→ **YOUR ASSIGNMENT**:
Everything in the data that follows should be given again verbatim, except the images.

→ **DATA EXTRACT**:
^^^^^^^^

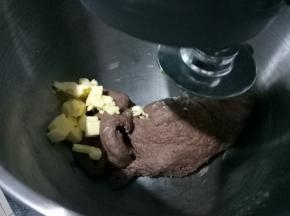 放入黄油，厨师机开1档，混合黄油和面团，大约2分钟，搅拌缸壁上没有成块的黄油，改2档，搅拌3分钟，然后3档10分钟；
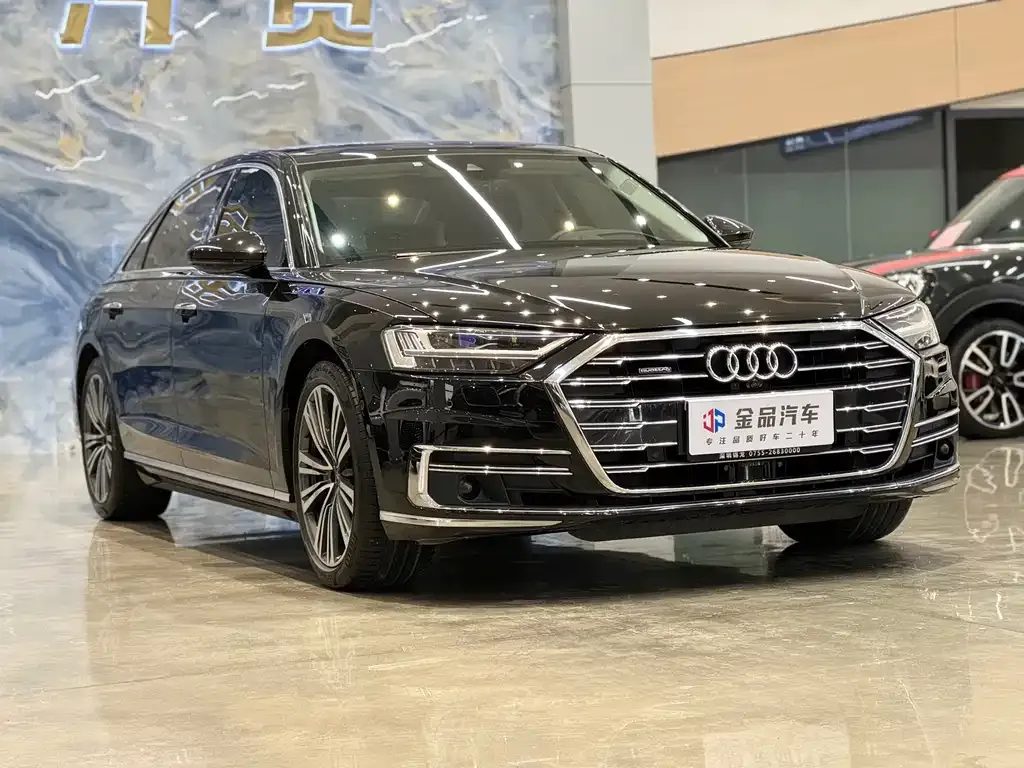 Audi A8 — фото 3
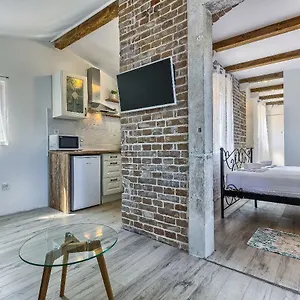  Appartement With Balcony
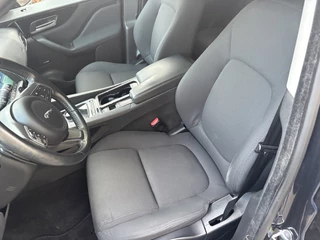Jaguar F-PACE – thumbnail 15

^^^^^^^^

→ **OUTPUT FOR THIS EXERCISE**:
 放入黄油，厨师机开1档，混合黄油和面团，大约2分钟，搅拌缸壁上没有成块的黄油，改2档，搅拌3分钟，然后3档10分钟；
 Audi A8 — фото 3
  Appartement With Balcony
Jaguar F-PACE – thumbnail 15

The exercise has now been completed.